Когда мне было 16 лет (то есть в 1997 году), я узнал о том, что существуют толстые журналы, в которых печатают современную литературу. Кажется, учительница рассказывала нам про Некрасова и упомянула «Современник», а я спросил, выходит ли он сейчас. Дело было в Кызыле, и я пошел в тувинскую Национальную библиотеку имени Пушкина на улице Ленина. На абонементе я их нашел. Несколько стеллажей с журналами, перед которыми можно было стоять бесконечно, перелистывая тонкие хрупкие страницы. Потрясение было настолько велико, что сравнить его можно, пожалуй, только с большой настоящей любовью. Я ходил в библиотеку раз в неделю, брал два-три журнала — наугад, без какого-то порядка.

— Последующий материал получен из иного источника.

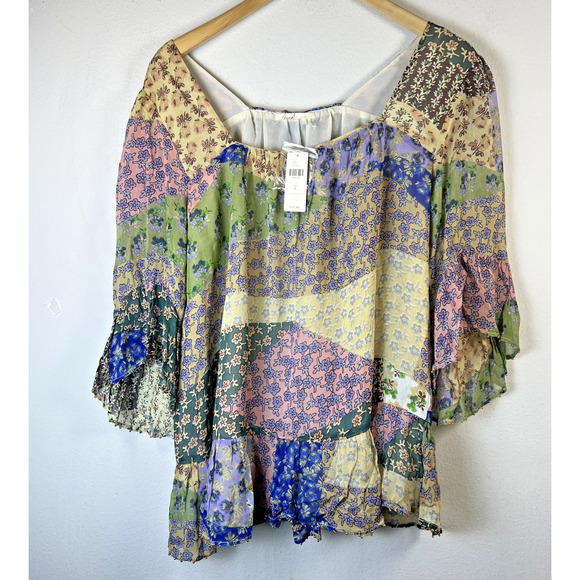 Floreat by Anthropologie Boho Patchwork Beaded Blouse Sheer Lining Large NWT - Picture 3 of 11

Этот процесс неистового погружения в бессистемное, стихийное чтение много раз описан в мировой литературе. У самых разных авторов — у Шукшина, у Сартра… Я думаю, что читательский запой, с которого все и начинается, знаком всем литераторам. Особенность моего опыта в том, что первоначально это было не книжное, а журнальное чтение.
Второй раз толстожурнальное потрясение я испытал году в 2001-м, когда в сибирских провинциальных городах появился интернет, и я впервые зашел в Журнальный зал. Я жил то на съемных квартирах, то в общагах, поэтому постоянного выхода в сеть (через модем, подключенный к телефонной линии!) у меня не было, и я ходил на почту, в интернет-салоны, в библиотеки, где можно было скопировать новые номера журналов (на дискету 3,5 дюйма!), чтобы прочитать их дома с монитора. Именно тогда и именно вследствие сочетания содержательности и технологичности ЖЗ у меня появилась мечта работать в редакции литературного журнала, которая спустя десять лет счастливо сбылась.
С середины нулевых, когда интернет в жилище появился, я захожу в ЖЗ почти ежедневно. Несмотря на все его идеологические и технические недостатки (не буду о них говорить), я очень люблю ЖЗ.
30 сентября ЖЗ сообщил, что обновления прекращены. Но эта заметка, как может показаться, вовсе не очередной призыв к спасению портала. Эта заметка о том, что в октябре 2018 года я вновь испытал потрясение, когда стал читать свежие публикации на персональных журнальных сайтах, а отчасти и на бумаге. («Новый мир» и «Иностранка» читались не в ЖЗ и раньше.) И это дало возможность вновь увидеть лицо (обложки и макет изданий, дизайн и фишки сайтов), а через него — отчетливее разглядеть и индивидуальный облик каждого журнала.
Конечно, есть ощущение, что с прекращением ЖЗ, как говорится, «закончилась эпоха». Кроме того, это аспект более общей темы кризиса толстожурнального формата. Но я далек от желания петь заупокойные плачи. Важная особенность нашего времени в том, что технологии не просто дают новые возможности, а становятся двигателями развития цивилизации и культуры. Появившийся в конце 1990-х, на заре Рунета, ЖЗ в тот момент был огромным культурно-технологическим прорывом. Мне представляется, что теперь, утратив возможность быть представленными в общей обойме, журналы получили шанс к персональному обновлению.
[1] Пеплум — масштабный по продолжительности и бюджету исторический фильм. Вершинным временем жанра были 1950-1960 годы XX века, когда появились «Клеопатра», «Спартак», «Бен-Гур» и прочие образцы жанра. Возвращение пеплумов произошло на рубеже столетий — «Гладиатор» или «300 спартанцев» прозвучали вполне мощно. А затем настало время сериалов.